How does it change or add to user experience?
Mr. Kumar: Before e-Aadhaar, the process was a lot more time consuming. The application had to be printed on paper, which meant the user needed access to a printer. It’s amazing how cumbersome it can be to have to go to a cyber cafe/Xerox shop and print out 25 pages of paper. Next, signatures were required at all the right areas, and the signatures had to match. A passport sized photograph was required with a signature across it. Finally, a cancelled cheque made out to the right brokerage was required.
With E-KYC, that process is greatly simplified. An Aadhaar card, Pan card, address proof (which can be submitted online), a cancelled cheque (can be scanned and submitted online) and a copy of your signature (submitted online) are all that’s required.

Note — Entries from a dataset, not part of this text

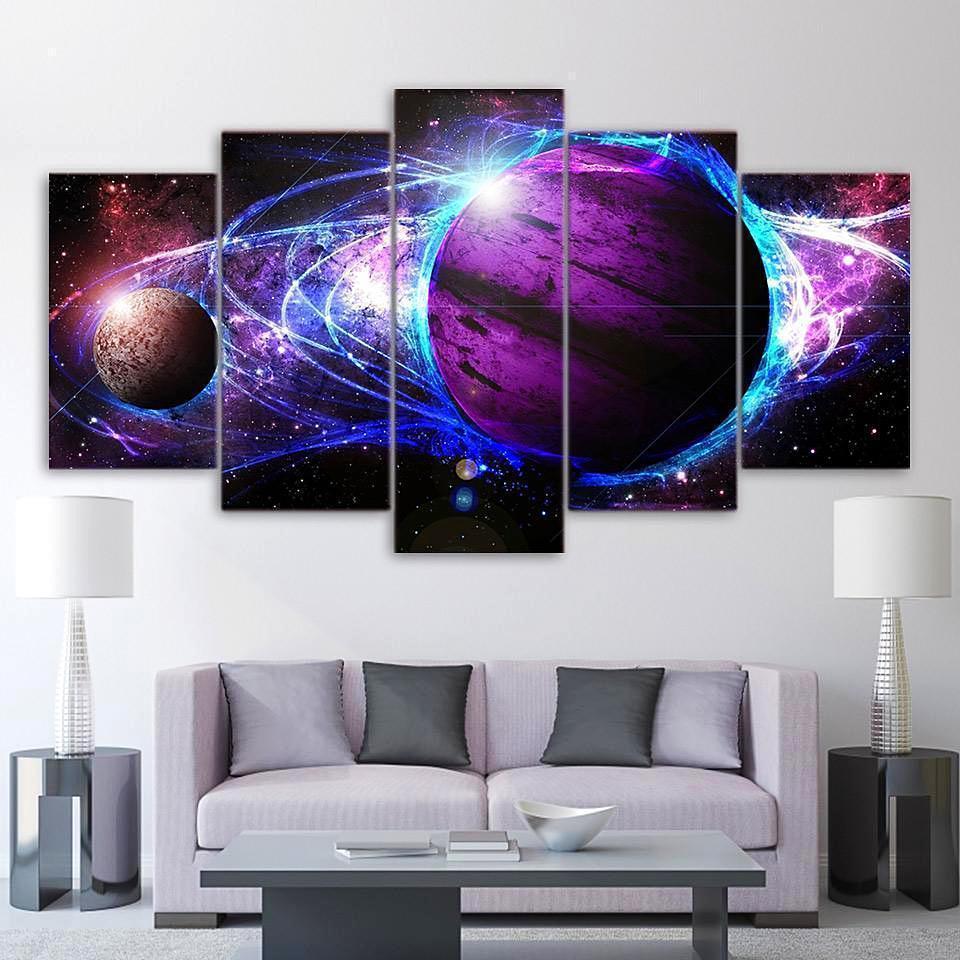 Cosmos Galaxy Star Energy Space Universe - 5 Panel Canvas Art Wall Decor Cosmos Galaxy Star Energy Space Universe - 5 Panel Canvas Art Wall Decor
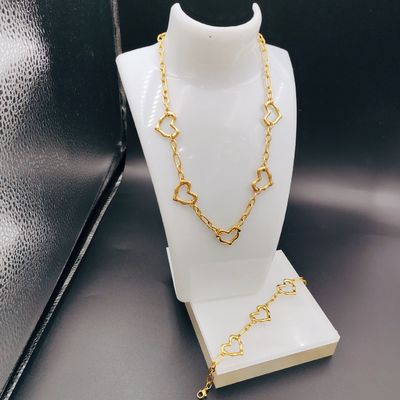 Trendy High Polish nieuwste gouden kleur roestvrij staal oorbel, ketting, armband sets voor dame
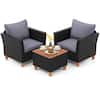 Front. Costway - 3 PCS Patio Rattan Furniture Set Cushioned Sofa Storage Table with Wood Top - Gray.
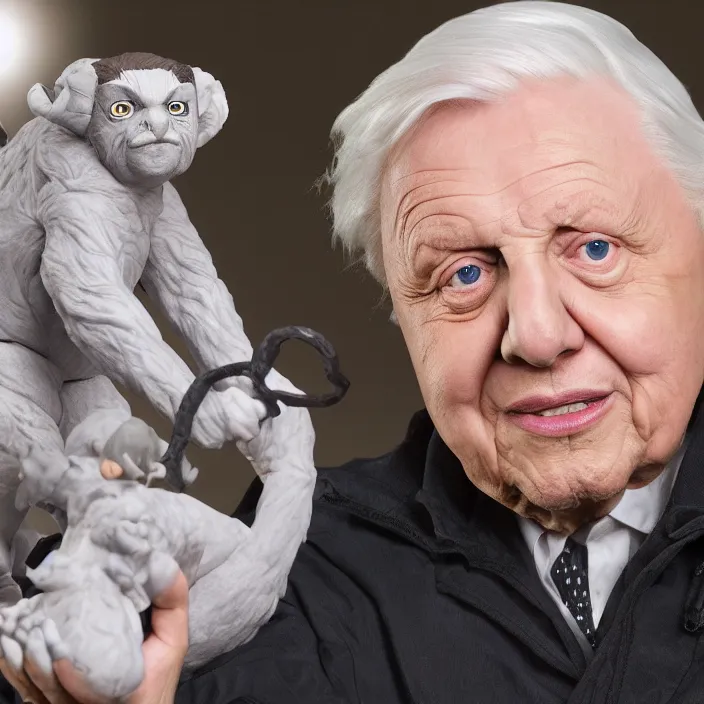 Image similar to David Attenborough, An anime Nendoroid of David Attenborough, figurine, detailed product photo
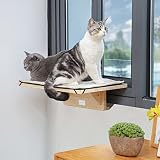 Petsfit Katze Fensterplatz Hängematte Fenster Katzenbett, Stabiler Katzen Fensterliege aus Holz mit Weiche Betten Matten für Fenster, Heizkörper, Türen, Schubladen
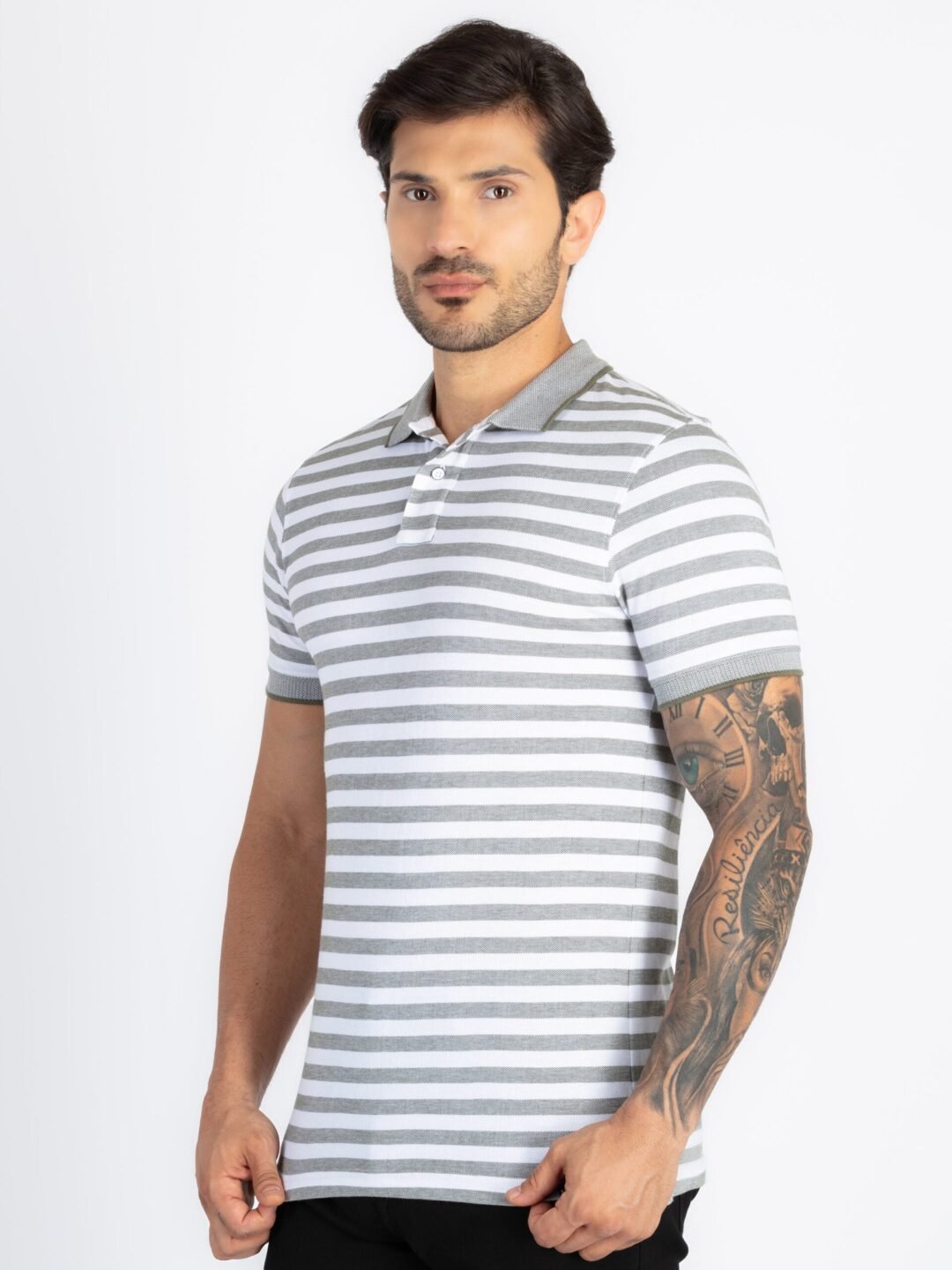 Mens Striped Polo T-Shirt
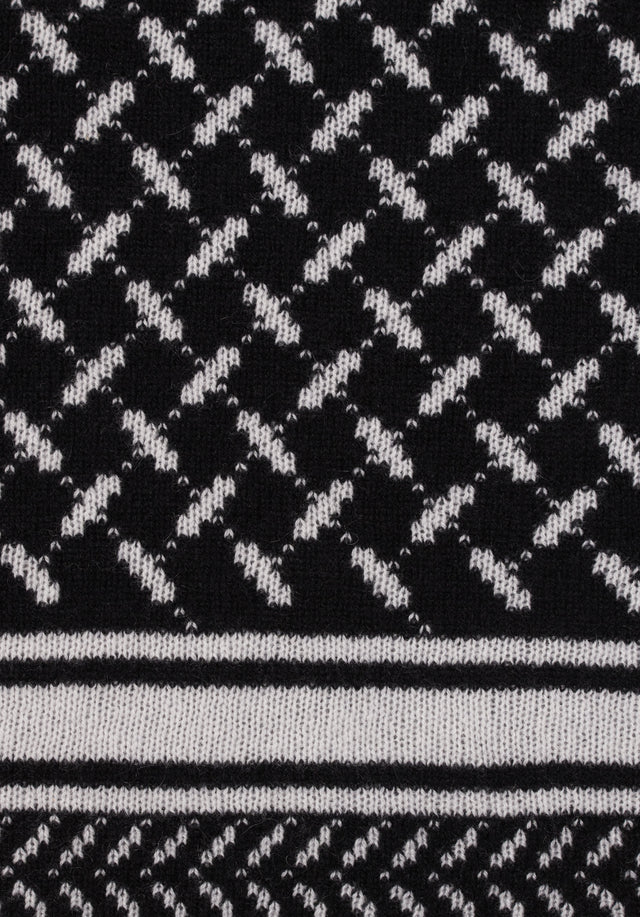 Blanket Trinity Classic Nero Alabastro - A soft and luxurious cashmere blanket with a jaquard pattern... - 9/11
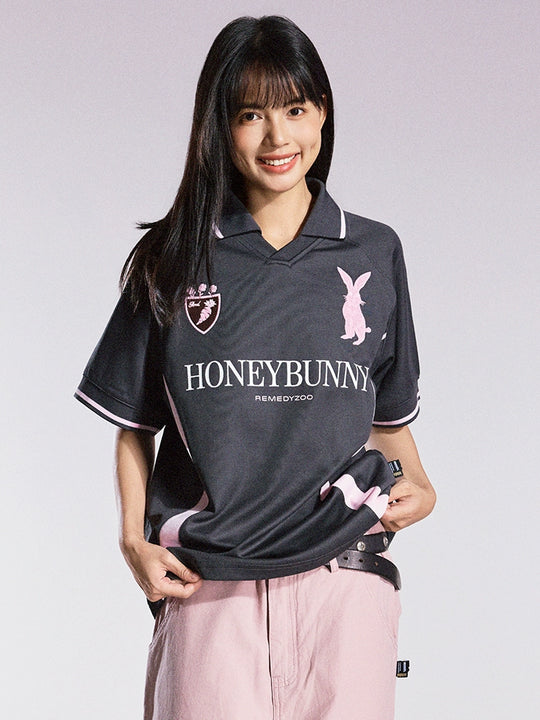 Remedy HONEYBUNNY Rabbit Embroidered Soccer Jersey Polo Shirt | Face 3 Face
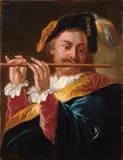 DER FLÖTENSPIELER. by zugeschrieben Jean-Baptiste Henri Deshays, Öl auf Leinwand (doubliert), sold Nov 2006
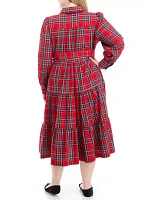 Plus Plaid Tiered Shirtdress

This should ideally not take more than 10 minutes.
So it’s a significant change in user experience. It was difficult for us to get this done, but we’re proud to be the first discount broker to launch the service. With free demat account opening, trading account opening, and no AMC’s (annual maintenance charges) and free equity delivery trading, it becomes a zero barrier game.
The direct investing population in India is very low, two reasons is the lack of know-how and fear of security. How can this be addressed?
Mr. Kumar: We take security very seriously. Since inception, we’ve never had a case of major security lapses. A lot of automation and leveraging of technology is required to ensure that all user information is securely stored. Every user is naturally going to be wary of giving away any piece of private information; that’s why we validate your identity by sending an OTP to your Aadhaar registered email address or phone number.
But it goes deeper. Many brokers have defaulted in the past due to providing their customers too much margin, or even worse, margin lending (lending extra funds to “trustworthy” clients). Upstox doesn’t do that. We will always remain on the conservative side and constantly run risk checks to gauge how volatile the markets are. If we even have a shred of doubt that volatility might be high, we dial down the margins given out to our clients. Our highly active traders usually aren’t pleased, but deep down they know that it’s better to be safe than sorry.
To increase the 1.8%, perceptions of the stock markets must change. We’re doing our best through education. We have an education portal, www.tradeacademy.in, that breaks down misconceptions that have been ingrained into India’s culture. Simply put, it’s almost never a good idea to invest in fixed deposits when there are much better options available, such as mutual funds and debt funds. It’s almost impossible to make a strong case for fixed deposits; yet, we see television ads promising amazing returns on FD’s. These are the types of misconceptions that must change.
The objective of any business is returns but how does this move impact yours?
Mr. Kumar: From a revenue-per-user standpoint, it probably lowers it since we will be getting a lot more dormant/less active traders versus before. Since we offer free equity delivery trading, investors don’t generate us much revenue.
But that’s really not what we’re chasing with Upstox. We feel that the opportunity in the Indian market is too large. With 98.2% of the population not participating in the capital markets, it’s not about revenue per user. It’s about getting the word out that investing is the real deal. When we can get that figure to something like 5%, communities will open up across India. Traders will begin forming local groups, and healthy discussions will begin. That is the mission of Upstox.